The grid cell resolution used to depict CI at the cell grain exactly matches the grid used to simulate the metacommunity processes of demographic stochasticity and dispersal. One may question whether this does not provide an advantage to indices computed at the cell grain. We believe that it is true, and that cell-based indices may show decreased performance if the size of a cell is very different from the size of a community, which we define as the maximum size where internal distance is not a strong limiting factor for interactions between individuals.
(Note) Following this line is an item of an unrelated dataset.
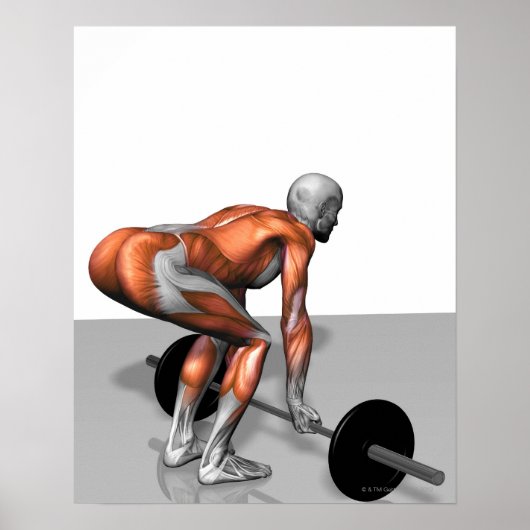 Roemeense deadlift 2 poster (Voorkant)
We advocate that the grid resolution used for landscape analysis should be based on such ecological consideration, and that cells should match the typical size of communities.
Conclusion
We had identified three non-excluding methodological axes for improving the potential of CIs for explaining species presence and community richness in space: optimizing indices, combining indices and changing the grain of habitat description. Our study suggests that the most promising direction is to select appropriate indices capturing a concept of flux (buffers, dF, dIICflux), and applying them at cell grain. In line with the habitat amount hypothesis, simple buffers are probably the best tool to capture the effect of immigration upon community species richness, although more complex notion of distance should probably be used in real context, accounting for matrix resistance and dispersal barriers. These indices can reach very strong levels of correlation in a neutral metacommunity, suggesting that poorer performance in real landscape stems from the preponderance of non-neutral processes such as heterogeneity in dispersal and contrasted niches and habitats of species. By contrast combining CIs of different types showed a quite limited potential for improving the prediction of species richness. Buffers might therefore be a sufficient tool to capture landscape effects on community composition within a locality, while more complex indices may have more decisive contribution when studying landscape-scale connectivity.
Acknowledgments
We thank Santiago Saura for sharing CONEFOR code. This work was part of the Patrames project funded by the convention 2016 n°2101870336 of the French Ministry of Environment (Water and Biodiversity Direction).